Direct concern requires that the contested measure directly affect the legal position of the applicant and leave no discretion to the addressees charged with its implementation. Where implementation is automatic or leaves no real discretion, the measure is of direct concern. Where the Member State has discretion, the measure is not of direct concern unless the state applies the measure exactly as required.

Grounds for Review

Article 263(2) TFEU sets out four grounds for review. Lack of competence concerns whether the EU institution had the legal authority to adopt the measure, reflecting the principle of conferral under Article 5 TEU. Infringement of an essential procedural requirement covers procedural irregularities including inadequate reasoning (Article 296 TFEU), failure to consult as required, failure to publish or notify, and breach of the right to be heard.

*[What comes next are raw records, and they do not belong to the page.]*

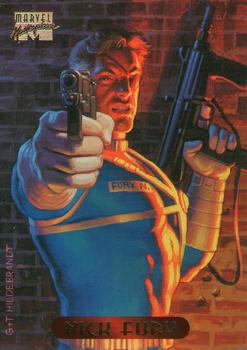 1994 Fleer Marvel Masterpieces Hildebrandt Brothers #39 Nick Fury Front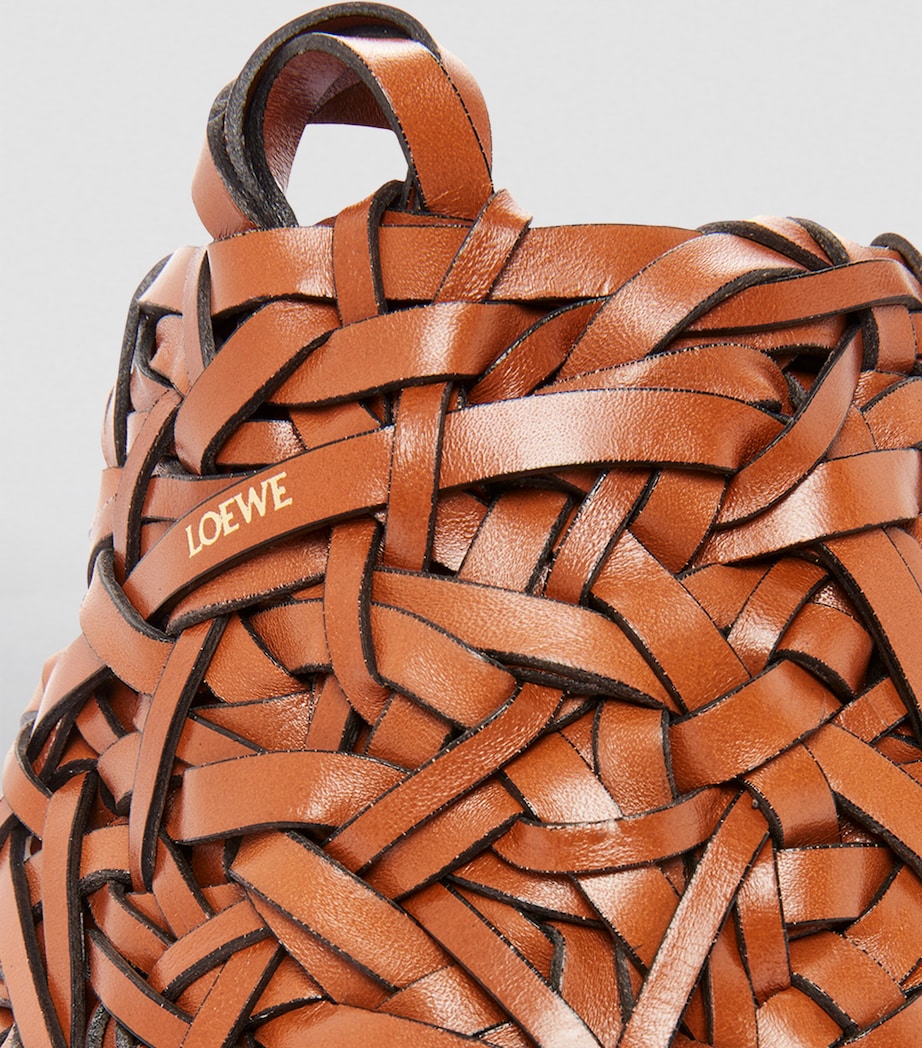 LOEWE Brown Small Leather Nest Bag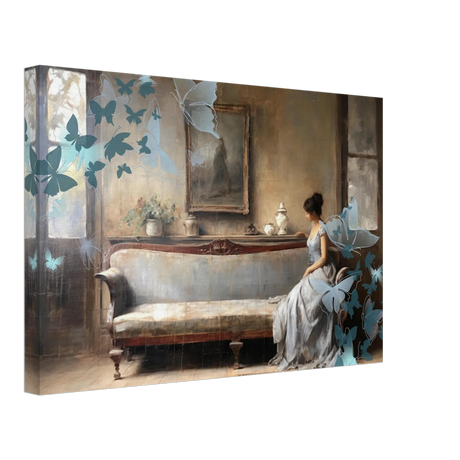 "Whispers of Solitude" – Romantic Realism with a Surreal Twist - Canvas - 30x45 cm / 12x18″ - 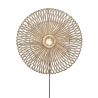 Aplica de perete eco din ratan Zanzibar flat 55cm L, white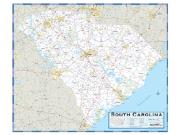 South Carolina County Highway <br /> Wall Map Map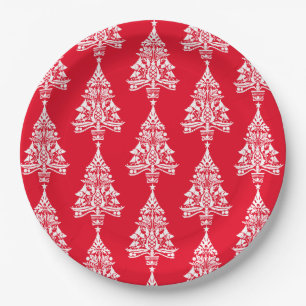 Nordische Weihnachtsdekorationen Pappteller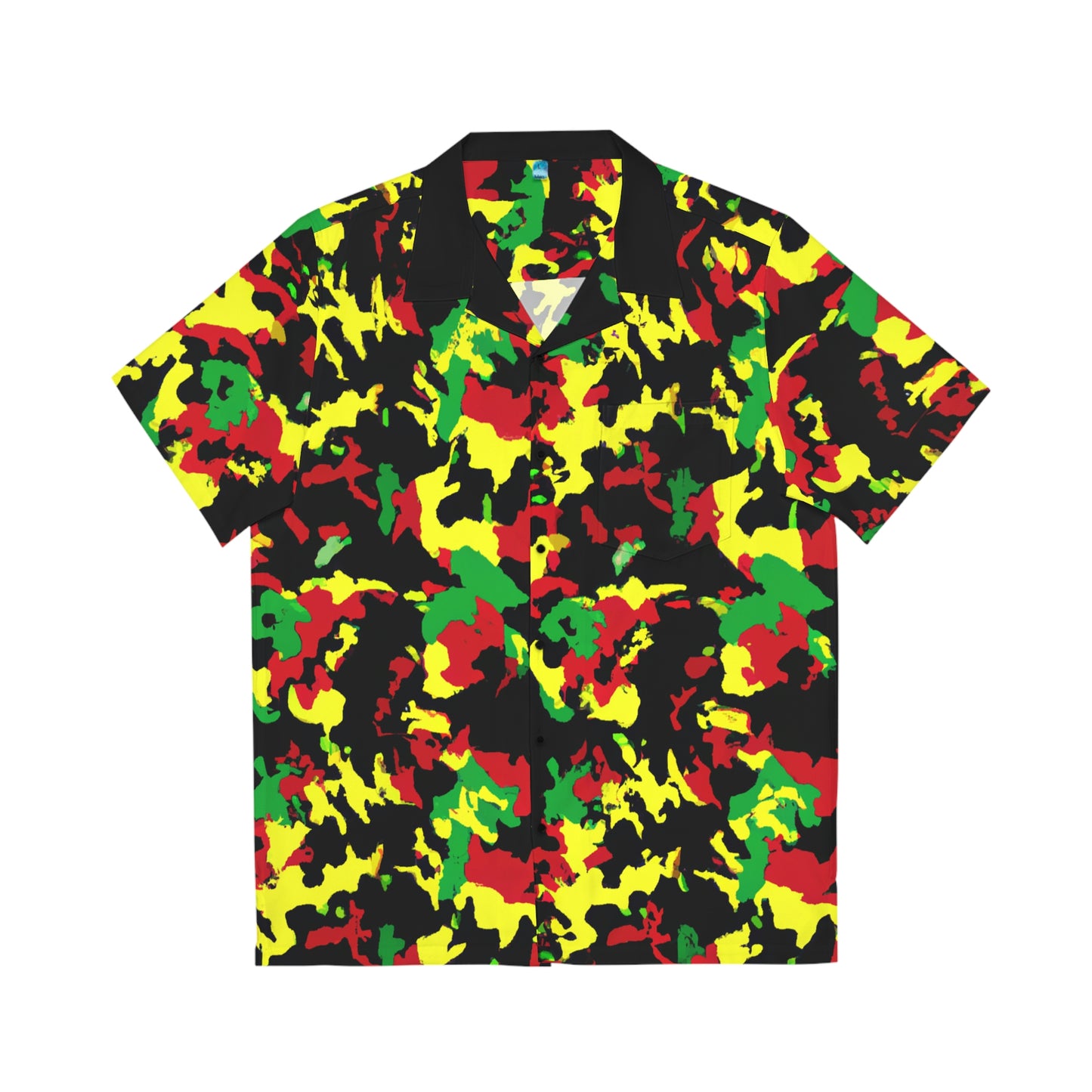 Rasta Camo - AI Art - Men's Hawaiian Shirt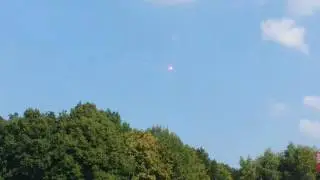 Leuchtkugel in den Frankfurter Block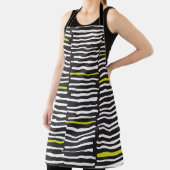 手書きストライプヴィンテージ:パターン。 エプロン (インサイチュ)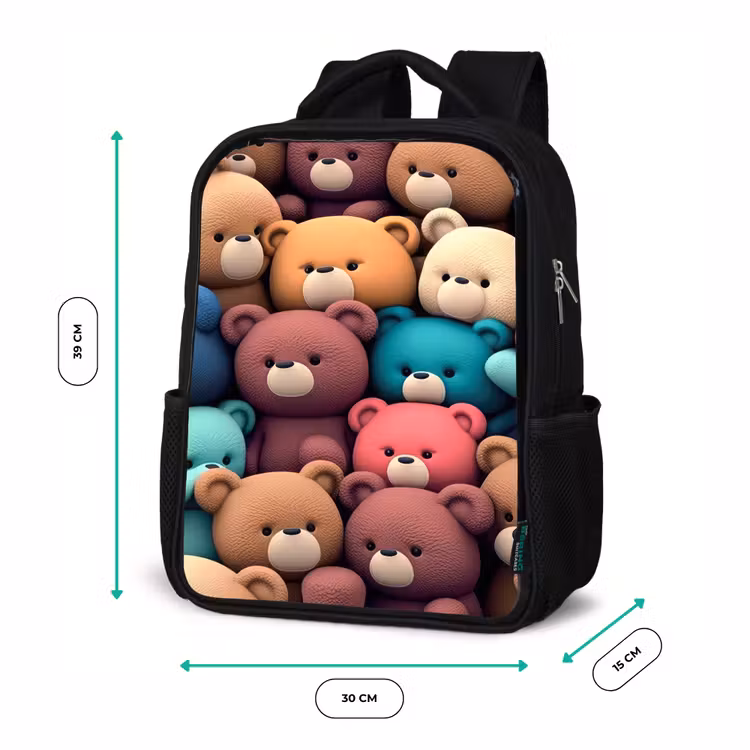 Kinderrucksack - Schwarz - Bären Bonanza — 6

The duty to give reasons requires that the measure disclose in a clear and unequivocal fashion the reasoning of the institution so that the CJEU can review its legality and the person concerned can understand the grounds.

Infringement of the Treaties or of any rule of law relating to their application is the broadest ground, covering violations of primary law, general principles of EU law including proportionality, legal certainty, legitimate expectations, fundamental rights, and the Charter of Fundamental Rights. Misuse of powers (détournement de pouvoir) requires that the institution adopted the measure for purposes other than those for which it was granted, a ground that is rarely successful because of the evidentiary burden.

Time Limits and Procedure

Proceedings must be instituted within two months of the publication of the measure, its notification to the applicant, or, in the absence thereof, the day on which it came to the applicant’s knowledge. The time limit is strict and cannot be extended; it is calculated from the fifteenth day after publication in the Official Journal. Late applications are inadmissible unless the delay is excusable under exceptional circumstances.

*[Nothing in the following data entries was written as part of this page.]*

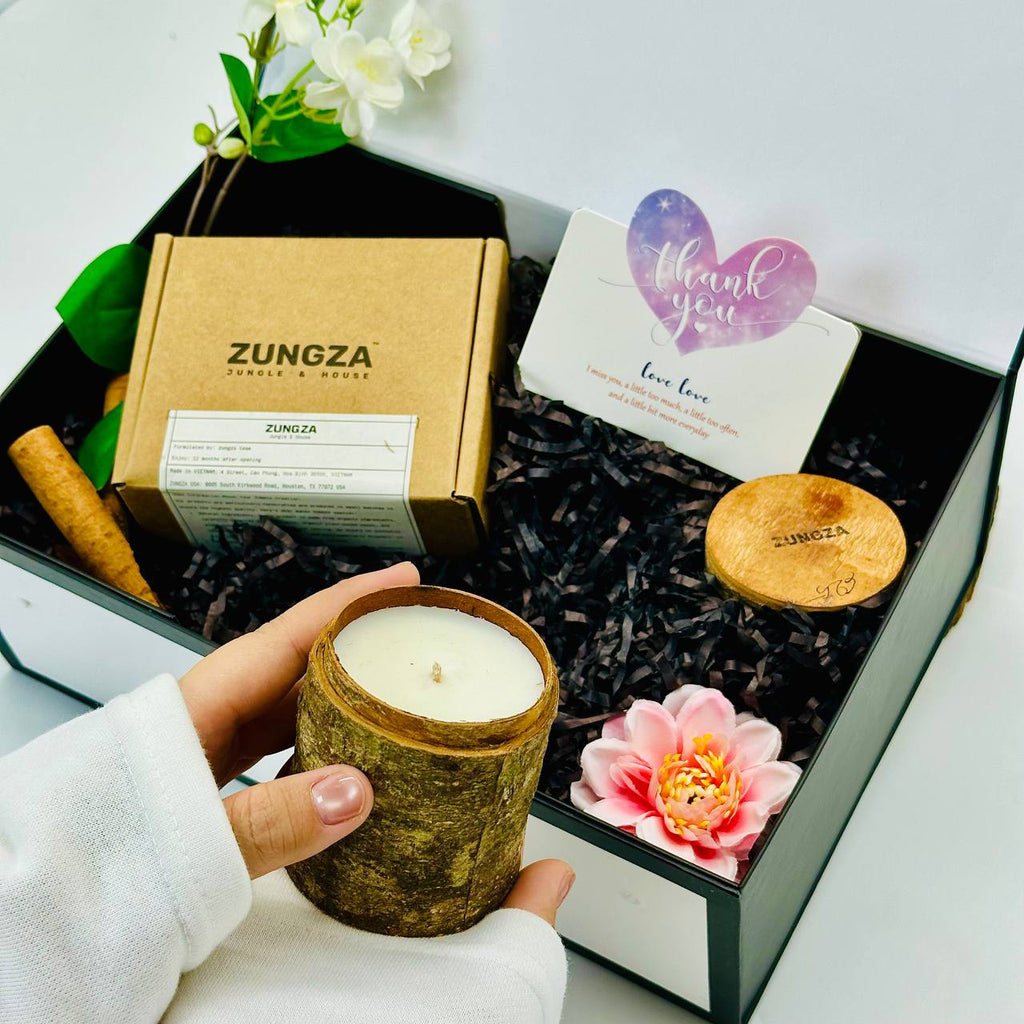 Cinnamon Bark Candle – Handmade from Nature’s Wood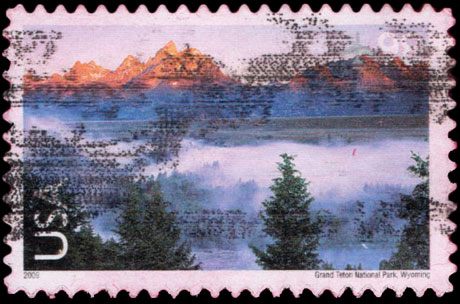 United States Airmail Stamp US-C147 Gran Teton National Park, Wyoming 98 cents 2009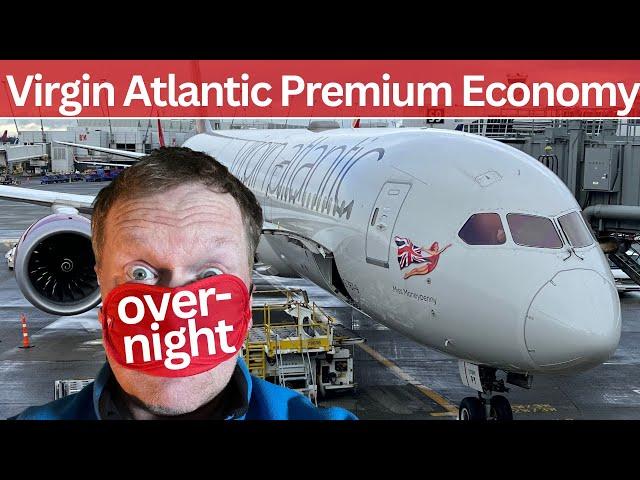 My Honest Opinion of Virgin Atlantic Premium Economy on an Overnight Flight from Seattle to London.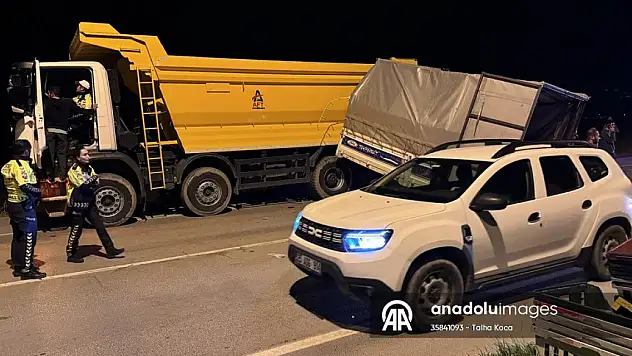 Erzurum'da Kamyon Kazası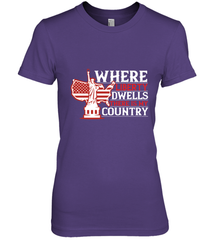 Where liberty dwells, there is my country 01 Women's Premium T-Shirt Women's Premium T-Shirt - HHHstores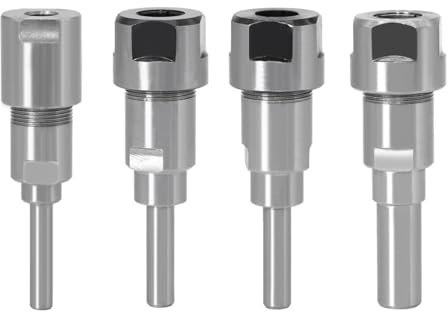Router Bit Collet Extension Shank Carbon Steel Router Bit Extension Collet Extension Cutter für Holzbearbeitung Mahlen (C)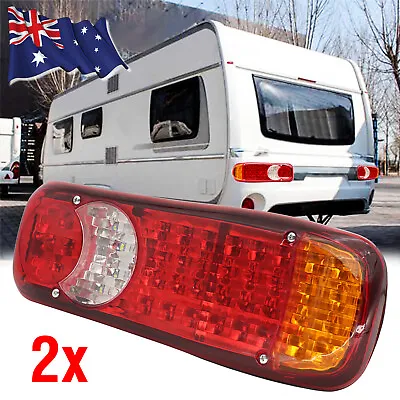 2xLED Tail Lights Trailer Ute 4X4 Caravan Truck Stop Indicator Rear Lamp 12V/ • $31.09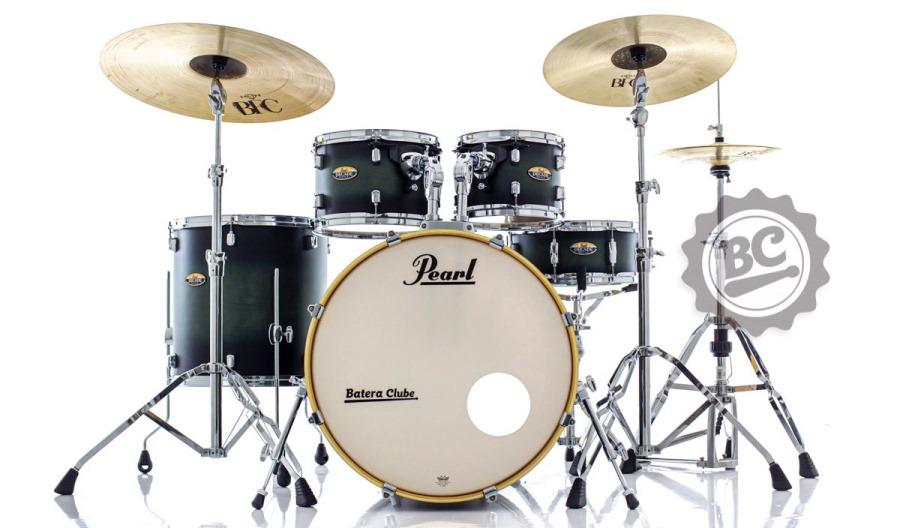 Bateria Pearl Decade Maple Deep Forest Burst 20",10",12",14" com Kit de Ferragens 830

The action is brought before the General Court, with an appeal on points of law only to the CJEU. The procedure comprises written and oral stages, with the applicant lodging the application and the defendant institution lodging a defence. Interventions by other institutions, Member States, and interested persons are permitted. The Court may adopt interim measures under Articles 278–279 TFEU, suspending the operation of the contested act pending judgment, where the applicant demonstrates urgency and a prima facie case.

Consequences of Annulment

If the action is well founded, the CJEU declares the act void under Article 264 TFEU. The annulment has erga omnes effect: the act is void from the moment of its adoption (ex tunc). The institution concerned is required to take the necessary measures to comply with the judgment under Article 266 TFEU. The Court may, if it considers it necessary, specify which effects of the annulled act are to be considered definitive, preserving legal certainty for past transactions.

The annulment may be total or partial. Where only part of an act is annulled, the Court must determine whether the severable parts can stand independently. If the annulled provision is essential to the act, the entire act falls. The institution may adopt a new act to replace the annulled measure, provided it cures the defect identified by the Court and does not retroactively validate the original act.

Relationship with Other Remedies

The action for annulment forms part of a complete system of legal remedies under the Treaties. It coexists with the plea of illegality under Article 277 TFEU, which enables a party to challenge the applicability of a general act in proceedings before the CJEU, and with the preliminary reference on validity under Article 267 TFEU, which enables national courts to refer questions about the validity of EU acts. The principle of effective judicial protection under Article 47 of the Charter requires that these remedies together provide a complete system of legal protection, as confirmed in Les Verts v Parliament (Case 294/83).